Persistence of the Cult of the Great Mother

“But the Great Mother lived on, being the goddess of the land. Her cult, modified, in some cases profoundly, by time and changed political circumstances, was found surviving at the dawn of Greek history in several places in the interior. Prominent among these sites is Pessinus in Phrygia, a sacred city, with which the legend of Kybele and Attis is chiefly associated.

Other districts developed remarkable and even abnormal tendencies in myth and worship. At Comana, in the Taurus, where the Assyrian armies were resisted to the last, and the ancient martial spirit still survives, she became, like Isthar, a goddess of war, identified by the Romans with Bellona: 50 In Syria, again, a different temper and climate emphasized the sensuous tendency of human passions.

In all these cases, however, there survived some uniformity of ceremonial and custom.

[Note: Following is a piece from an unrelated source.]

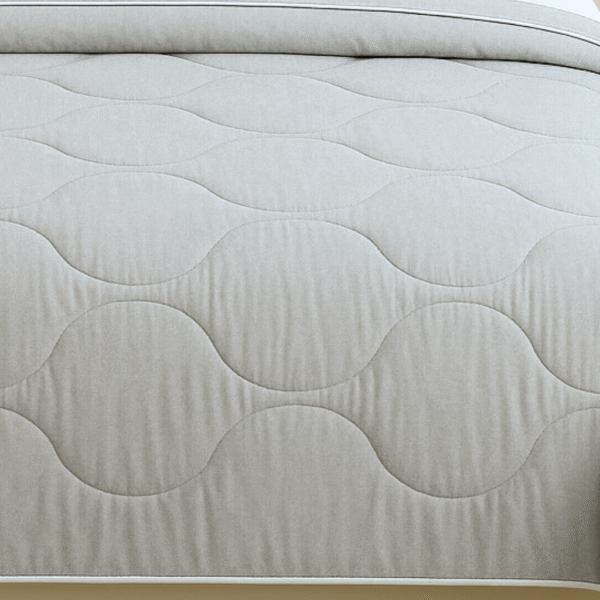 Grey Wavy Comforter with White Piping - Image 4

At each shrine numerous priests, called Galli, numbering at Comana as many as 5,000, took part in the worship. Women dedicated their persons as an honourable custom, which in some cases was not even optional, to the service of the goddess. The great festivals were celebrated at regular seasons with revelry, music, and dancing, as they had been of old, coupled with customs which tended to become, in the course of time, more and more orgiastic.

These are, however, matters of common knowledge and may be studied in the classical writings. Lucian himself adds considerably to our understanding of these institutions; indeed his tract has been long one of the standard sources of information, supplying details which have been applied, perhaps too freely, to the character of the general cult.

Religion in the East is a real part of life, not tending so much as in the West to become stereotyped or conventionalized, but changing with changes of conditions, adapted to the circumstances and needs of the community. 51 So, wherever the goddess was worshipped there would be variety of detail. It is, however, remarkable in this case, that throughout the Hittite period, though wedded and in a sense subordinate to a dominant male deity, and subsequently down to the age at which Lucian wrote, she maintained, none the less, her individuality and comprehensive character.

Thus, while Lucian is concerned in his treatise with the cult of an apparently local goddess of northern Syria, we recognize her as a localised aspect of the Mother-goddess, whose worship in remoter times had already been spread wide, and so explain at once the points of clear resemblance in character and in worship to other nature-goddesses of Syria and Asia Minor.”

Herbert A. Strong and John Garstang, trans., The Syrian Goddess, by Lucian, 1913, pp. 17-20.